◆ What the task asks: The reply must contain exactly the lines below from the one with "Casa de condomínio" down to the one with "מראה חיצוני תמונה", both included, and nothing more; please omit the pictures.

◆ Input:
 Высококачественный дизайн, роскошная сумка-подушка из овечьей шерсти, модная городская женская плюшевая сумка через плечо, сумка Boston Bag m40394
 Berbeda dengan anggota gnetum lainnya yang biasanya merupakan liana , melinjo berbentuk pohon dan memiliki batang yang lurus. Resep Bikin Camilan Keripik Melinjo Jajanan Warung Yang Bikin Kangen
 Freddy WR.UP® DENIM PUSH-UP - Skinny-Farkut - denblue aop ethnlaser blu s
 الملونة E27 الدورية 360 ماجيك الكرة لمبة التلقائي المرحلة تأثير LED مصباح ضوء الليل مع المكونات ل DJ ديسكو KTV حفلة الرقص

--

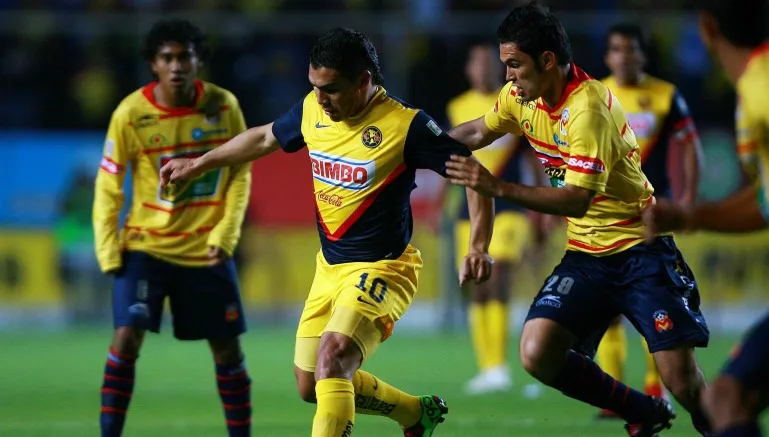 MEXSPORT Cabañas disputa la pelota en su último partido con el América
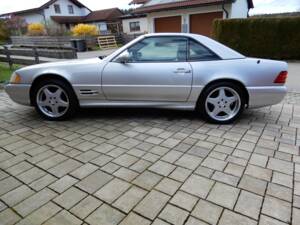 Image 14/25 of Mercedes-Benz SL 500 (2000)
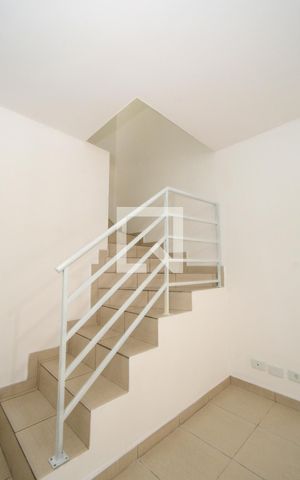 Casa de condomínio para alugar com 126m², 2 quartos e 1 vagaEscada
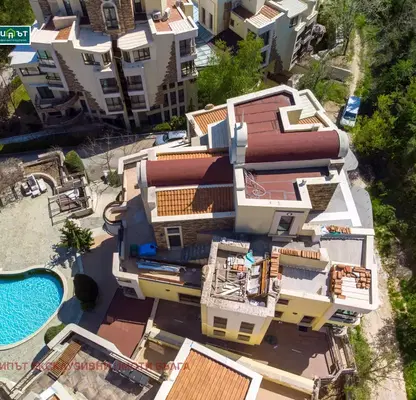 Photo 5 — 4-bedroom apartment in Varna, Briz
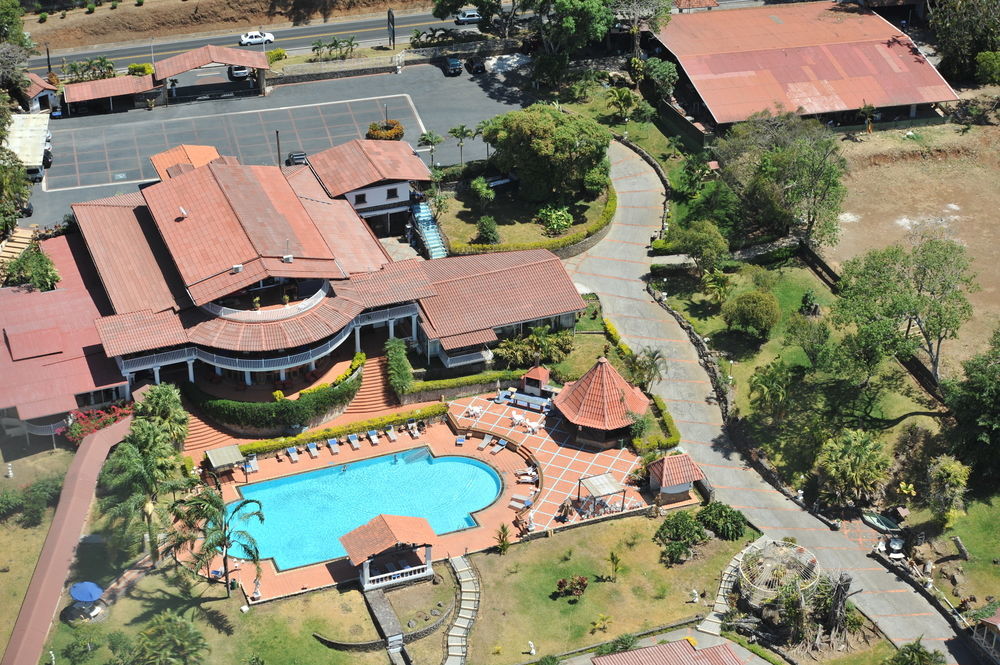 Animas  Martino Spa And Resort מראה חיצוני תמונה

◆ Written solution:
 Casa de condomínio para alugar com 126m², 2 quartos e 1 vagaEscada
 Photo 5 — 4-bedroom apartment in Varna, Briz
 Animas  Martino Spa And Resort מראה חיצוני תמונה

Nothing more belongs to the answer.